WHAT IS NEEDED:
Write out nothing except the lines of the entries below, from the first through the one containing "Bildstock am Weg", exactly and without pictures.

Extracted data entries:
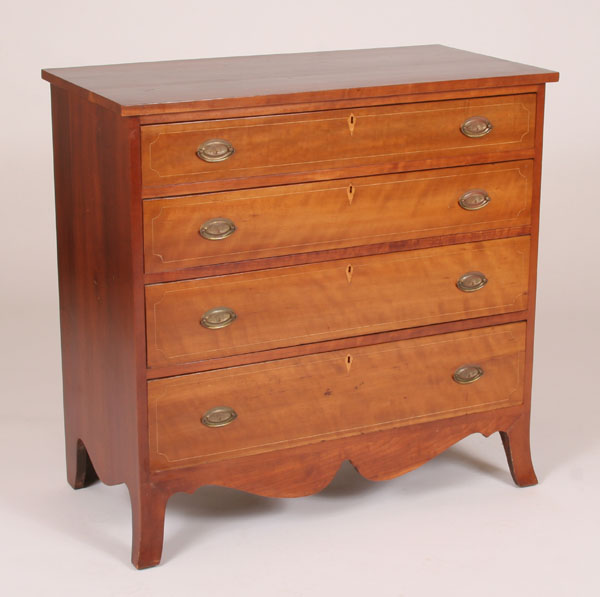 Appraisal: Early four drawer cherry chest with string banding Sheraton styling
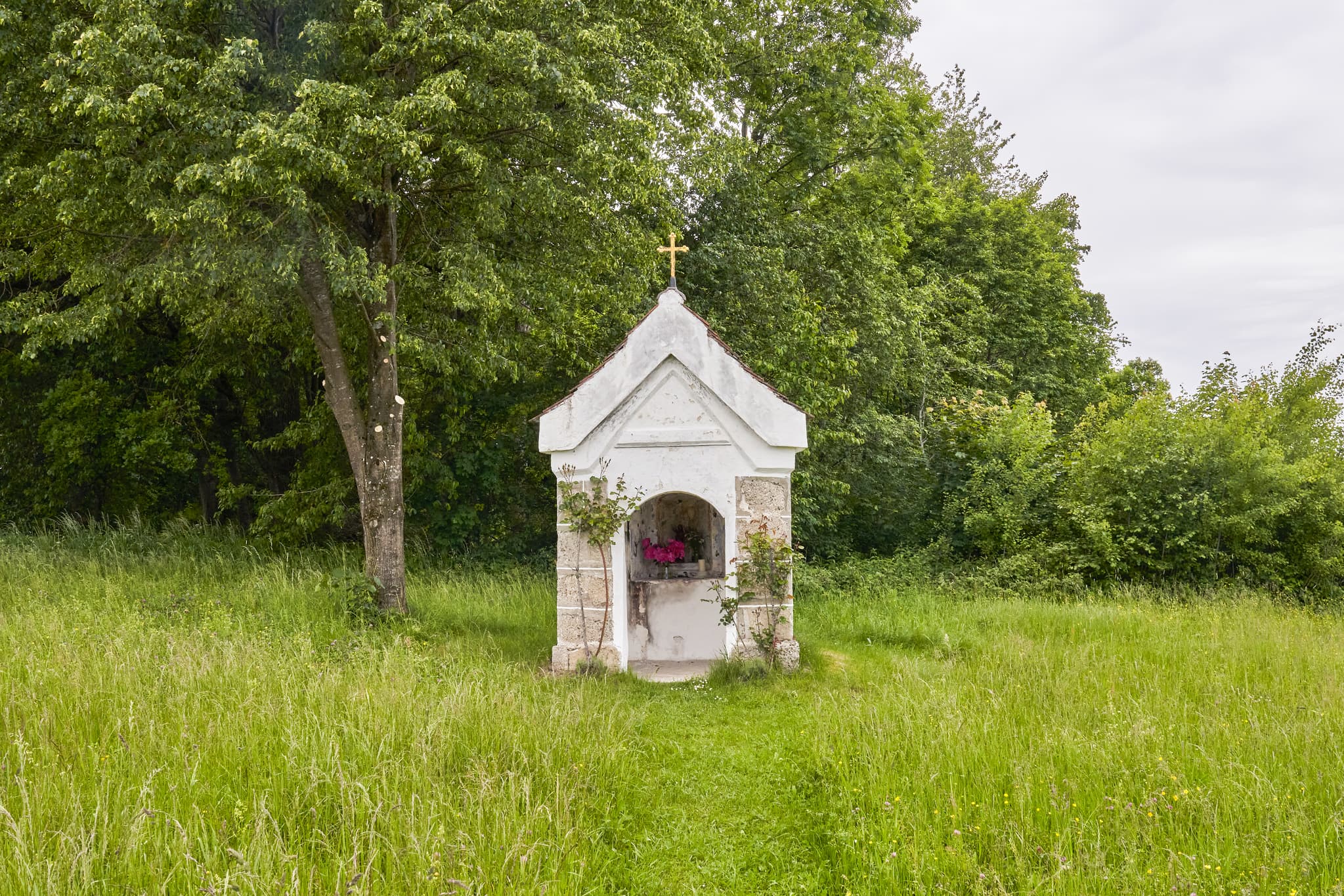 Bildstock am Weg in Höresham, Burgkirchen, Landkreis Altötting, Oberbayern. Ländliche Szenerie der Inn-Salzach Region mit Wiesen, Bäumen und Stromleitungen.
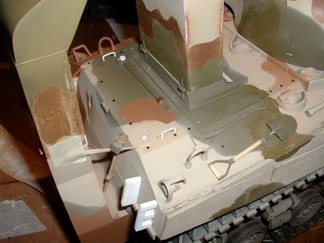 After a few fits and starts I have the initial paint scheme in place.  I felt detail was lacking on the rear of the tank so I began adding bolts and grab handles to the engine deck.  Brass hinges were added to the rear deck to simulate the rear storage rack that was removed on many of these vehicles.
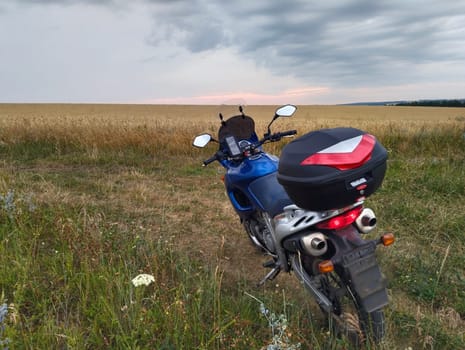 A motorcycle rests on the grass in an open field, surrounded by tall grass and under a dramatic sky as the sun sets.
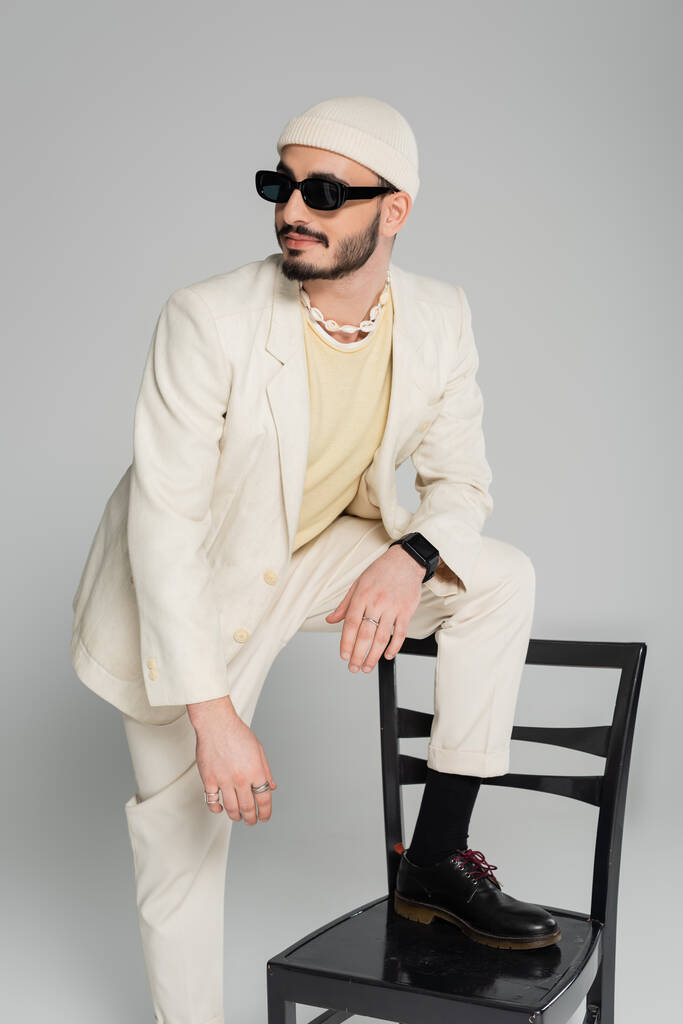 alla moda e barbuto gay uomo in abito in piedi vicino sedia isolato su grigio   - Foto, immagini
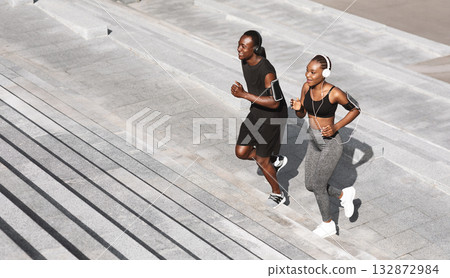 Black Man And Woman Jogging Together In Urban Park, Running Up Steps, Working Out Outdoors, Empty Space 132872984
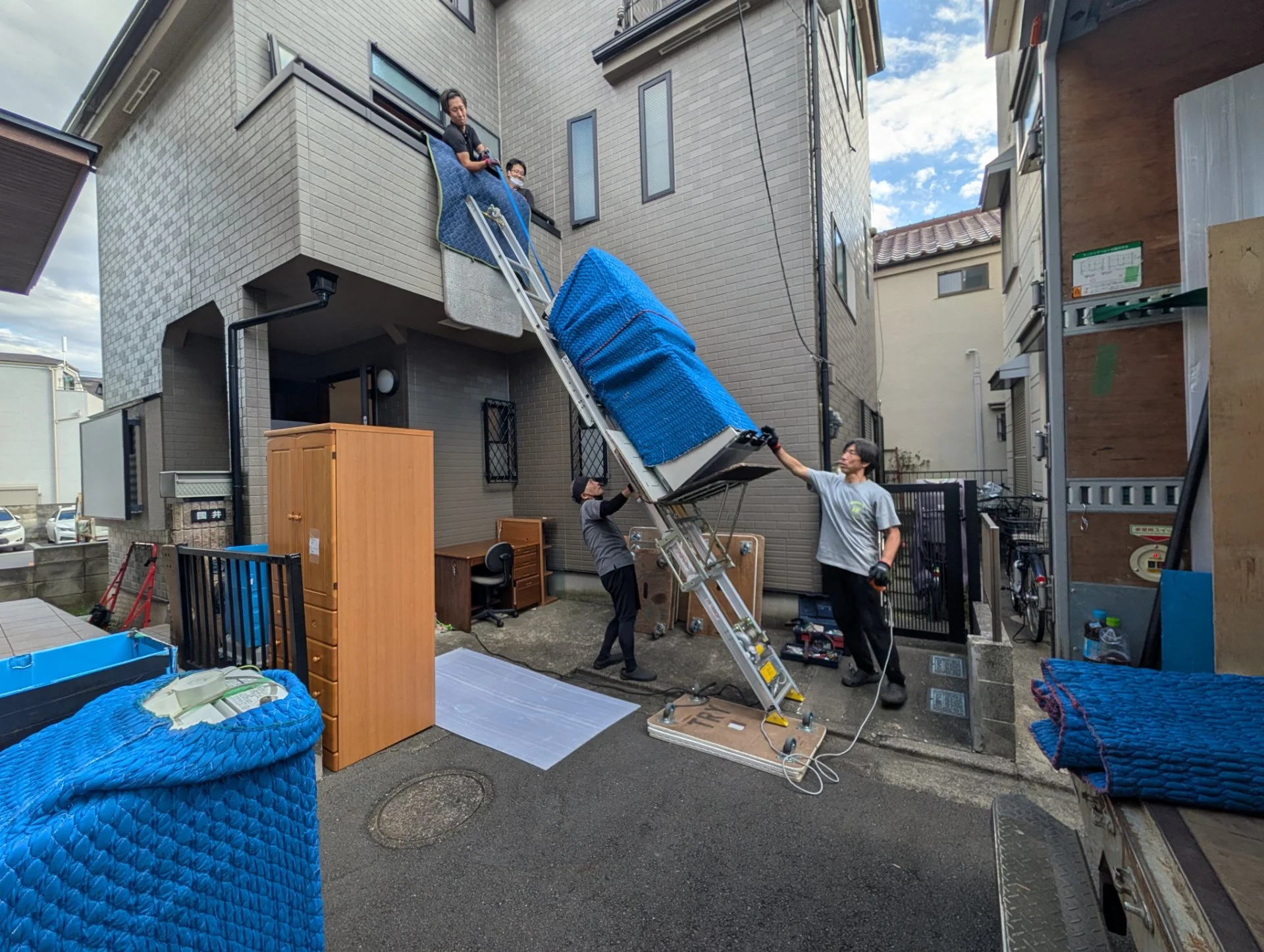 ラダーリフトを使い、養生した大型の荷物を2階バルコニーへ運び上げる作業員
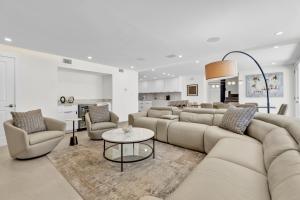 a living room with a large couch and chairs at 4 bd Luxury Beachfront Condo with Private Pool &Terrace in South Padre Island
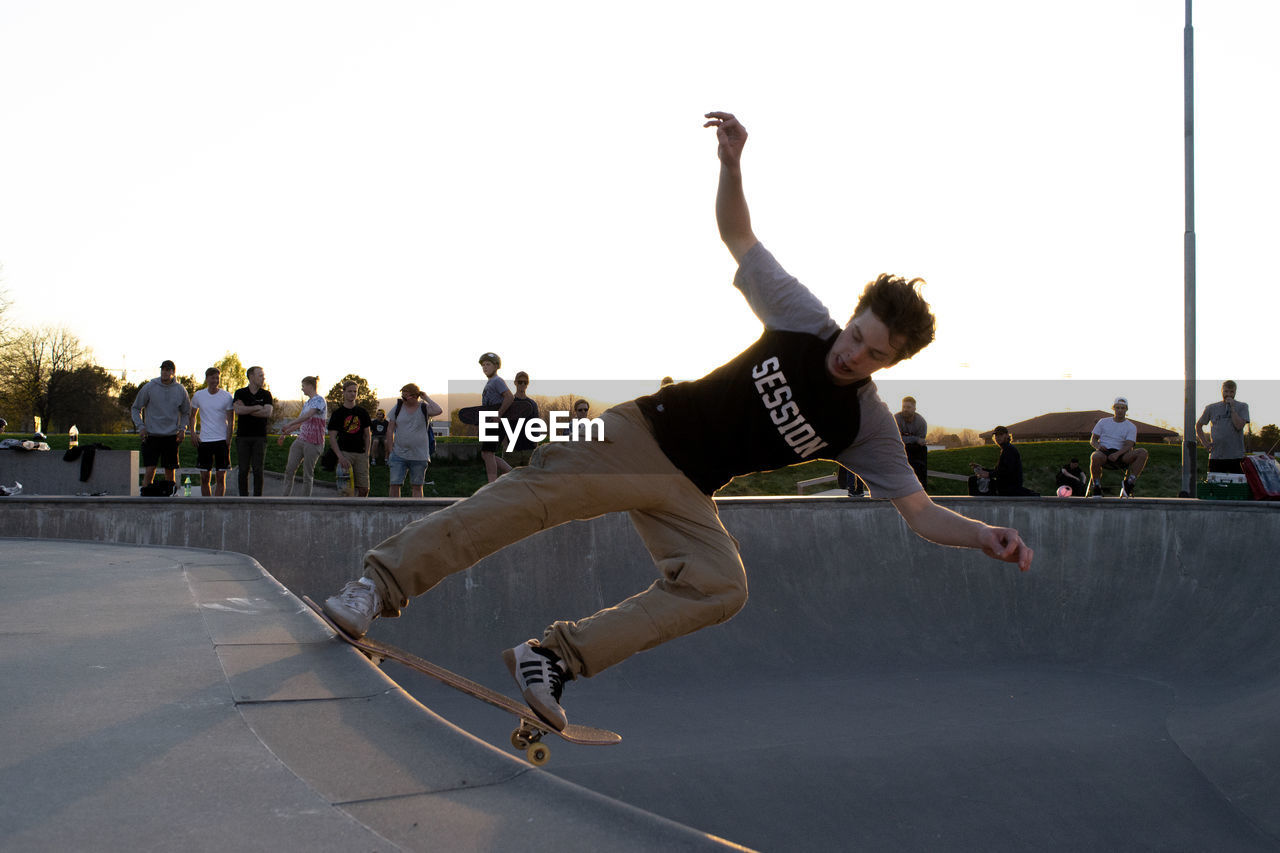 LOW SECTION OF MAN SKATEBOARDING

EXERCISE RESPONSE:
 Appraisal: Early four drawer cherry chest with string banding Sheraton styling
 Bildstock am Weg in Höresham, Burgkirchen, Landkreis Altötting, Oberbayern. Ländliche Szenerie der Inn-Salzach Region mit Wiesen, Bäumen und Stromleitungen.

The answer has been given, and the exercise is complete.